BEGIN DATA SECTION

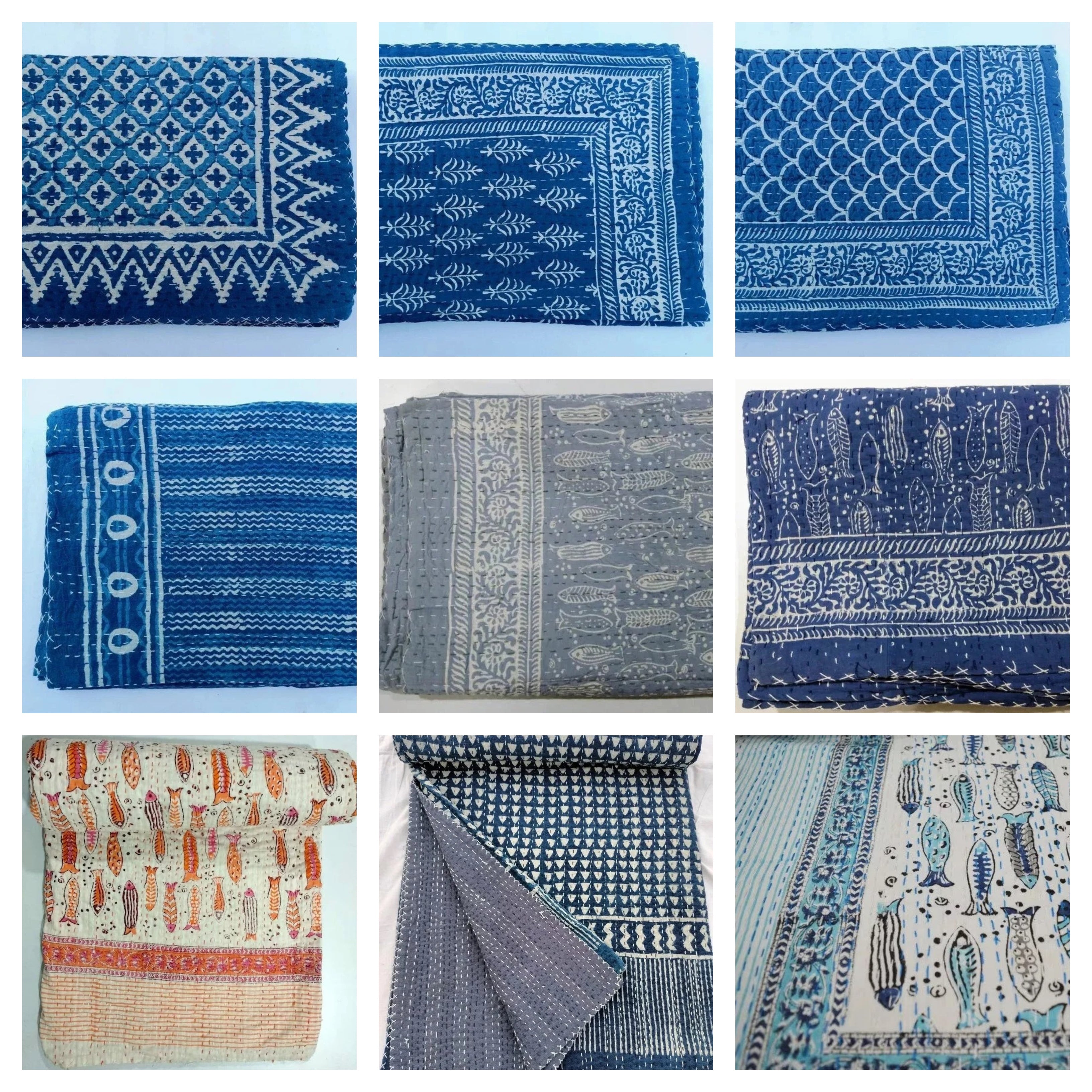Blue Printed Cotton Bed Quilt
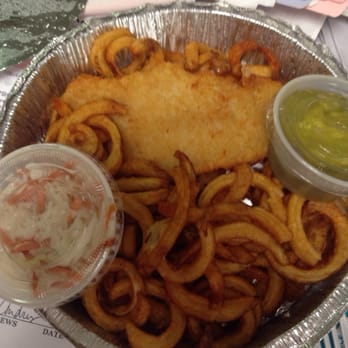 Kleidos - Fried fish filet with curly fries platter served with a side of cole slaw & pickles - Middle Eastern Near Me - Bayonne, New Jersey Kleidos - Fried fish filet with curly fries platter served with a side of cole slaw & pickles - Middle Eastern Near Me - Bayonne, New Jersey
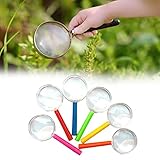 Lenti d Ingrandimento Bambini,Mini Lente D ingrandimento Colorata,Lente di ingrandimento detective,Plastica Lente d ingrandimento Portatile,Mini Lente di ingrandimento,Lenti Ingrandimento Bambini,6PCS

END DATA SECTION

- [ACTIVITY]: Omit all images when repeating the data above exactly.

- [TASK RESULT]:
Blue Printed Cotton Bed Quilt
 Kleidos - Fried fish filet with curly fries platter served with a side of cole slaw & pickles - Middle Eastern Near Me - Bayonne, New Jersey Kleidos - Fried fish filet with curly fries platter served with a side of cole slaw & pickles - Middle Eastern Near Me - Bayonne, New Jersey
 Lenti d Ingrandimento Bambini,Mini Lente D ingrandimento Colorata,Lente di ingrandimento detective,Plastica Lente d ingrandimento Portatile,Mini Lente di ingrandimento,Lenti Ingrandimento Bambini,6PCS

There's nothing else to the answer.